Недопустимость защиты гражданского права собственными силами того, кто в защите нуждается, является исходным пунктом в эволюции права на иск в смысле права частного лица к государству. Насколько необходимым является ограничение самопомощи в предупреждении социальной междоусобицы, настолько же необходимо для государства принять на себя обязанность оказывать судебную защиту в случаях, когда она требуется. Не принимая на себя подобной обязанности и не устанавливая соответственно ей права на иск, государство либо сделало бы бессильным свой запрет самопомощи, либо обратило бы в пустой звук всякое гражданское право. В ограждение мира и порядка государству приходится принимать на себя обязанность перед частными лицами. К этому вынуждает социальная необходимость. В сознании ее государство принимает на себя обязанность оказывать отдельным лицам защиту их гражданского права и тем самым создает для этих лиц право на иск. право это является, таким образом, рефлексом обязанности, принимаемой на себя государством ввиду социальной необходимости.

Такая точка зрения на публичное субъективное право на иск едва ли идет вразрез и с тем воззрением на субъективное публичное право вообще, которого придерживается проф. Georg Jellinek. Наделяя человека правоспособностью, государство, по учению его, ограничивает себя с отрицательной стороны, уменьшая область своего властвования, и положительным образом, предоставляя частным лицам притязание на его деятельность и таким путем само себя обязывая.
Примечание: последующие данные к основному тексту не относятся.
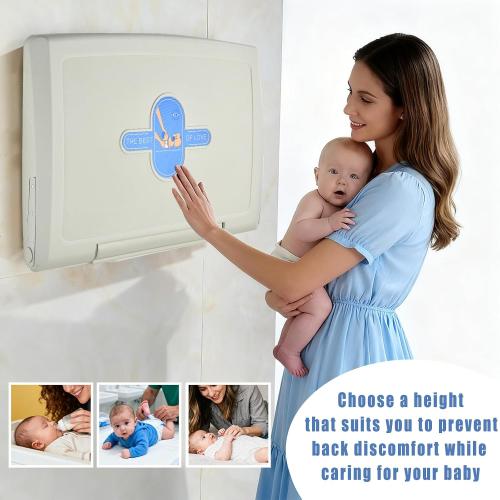 Fold-Down Baby Changing Station - Wall-Mounted, Space-Saving Design with Safety Straps for Commercial & Residential Restrooms (Horizontal Version)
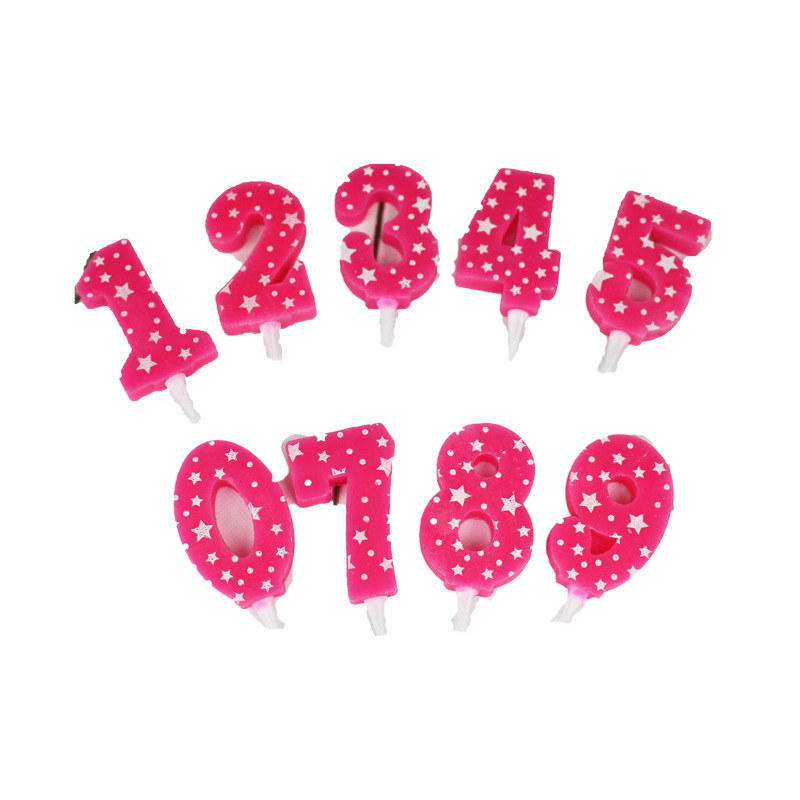 2024 fábrica al por mayor niños y niñas años de edad vela digital 0-9 estrella de cinco puntas Pastel rosa azul digital sin humo vela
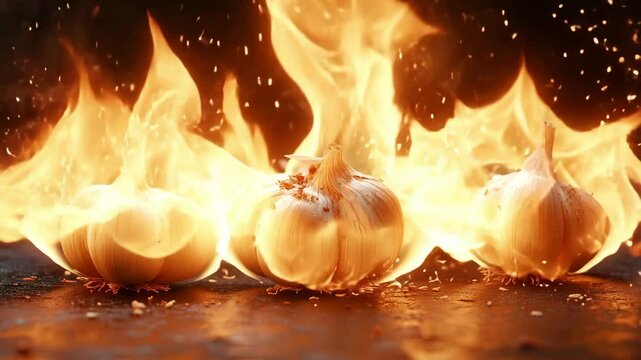 Whole garlic bulbs engulfed in bright flames, emphasizing intense heat and fiery spice. A vivid representation of garlic's powerful flavor and essential role in bold, dramatic cooking styles.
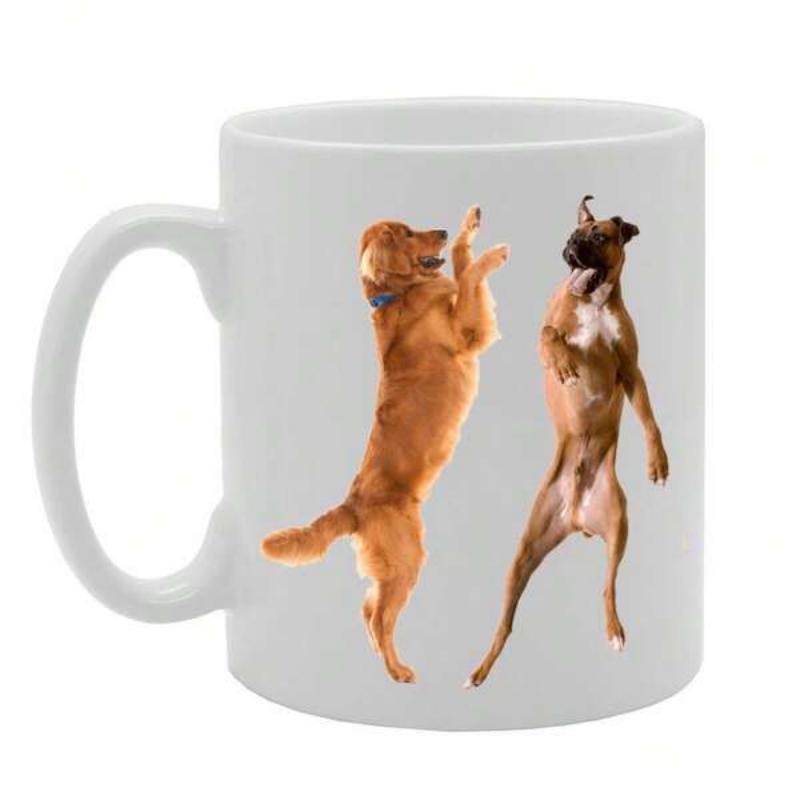 Tailorly White Ceramic 11 oz Mug - Two Playful Golden Retriever And Boxer Dancing Happily Together Dogs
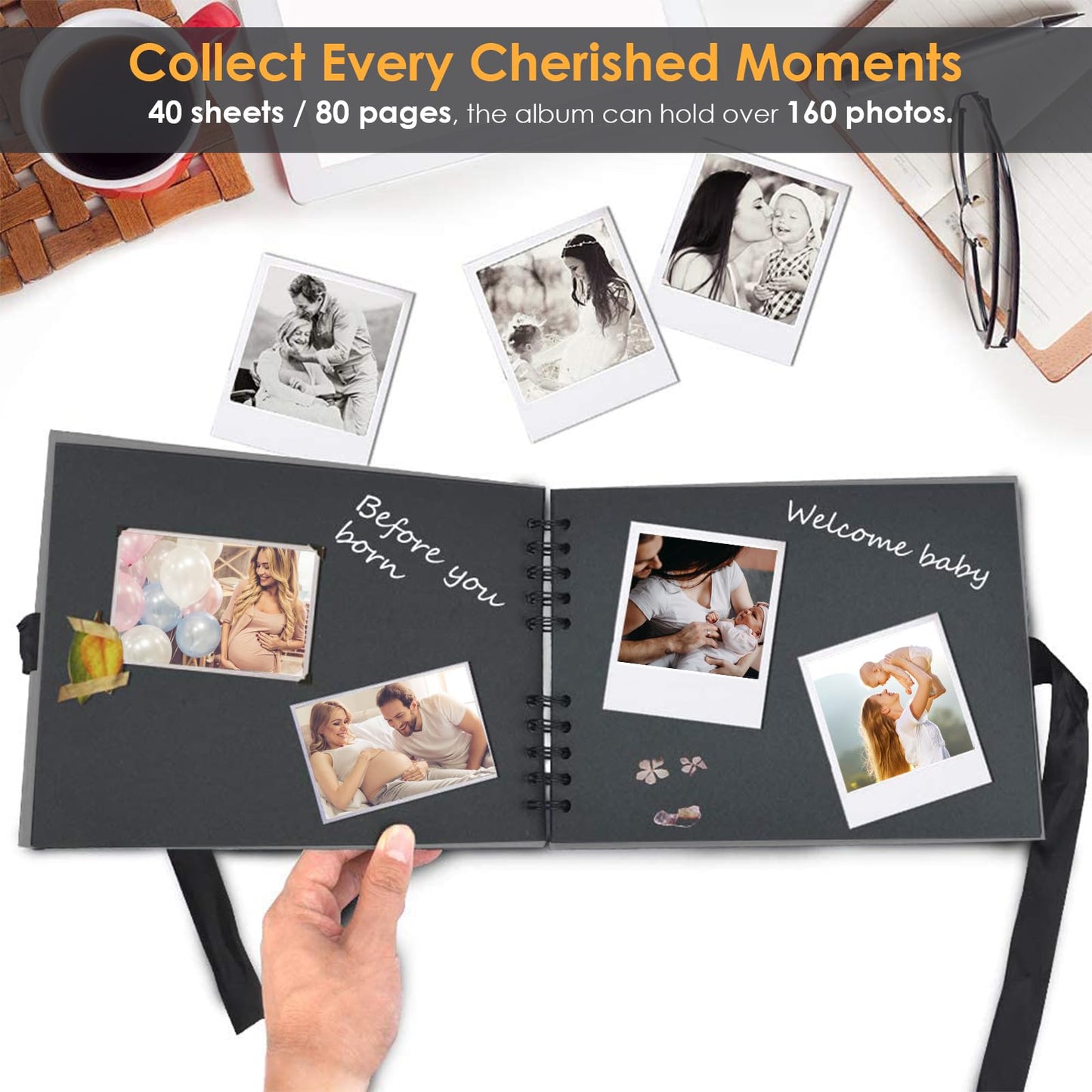 Photo album for self-design, scrapbook with 80 black pages for pasting photos, DIY gift scrapbooking set for baby family anniversary birthday valentine's day wedding with protective cones gray.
Право на иск, с точки зрения, проводимой Jellinek, могло бы быть, таким образом, представлено как результат самообязывания государства в положительном направлении. Устанавливая право на иск, государство обязывает себя к тем действиям, которых добивается истец. право на иск с этой точки зрения есть, по образному выражению Дегенкольба, оборотная сторона самообязывания государства. Это самообязывание государства не может быть, однако, представляемо как установление государством особой нормы для самого себя. Самообязывание государства происходит при создании его правовой организации, хотя бы в системе объективного права данного государства и не было особого постановления об обязанности государства к ограждению прав граждан. Устанавливая нормы права, государство тем самым создает законы своего существования, ставит себе правовые пределы, связывает себя объективным правом страны.

Следующим образом представляет значение права для государства проф. Палиенко. право, действующее в суверенном государстве, т.е. не подчиненном праву другого государства, говорит он, не является какой-то внешней нормой, приказом для самого государства, но приказом для подвластных лиц - как для призванных быть его органами, так и для прочих граждан. Для самого же государства право, в нем действующее, объясняет он, является лишь проявлением его собственной жизни, вытекающим из самой сущности его как правовой организации. В этой правовой организации и видит проф. Палиенко естественное ограничение и определение государства, подобно тому, поясняет он, как природные силы физического организма определяют и ограничивают жизнь последнего.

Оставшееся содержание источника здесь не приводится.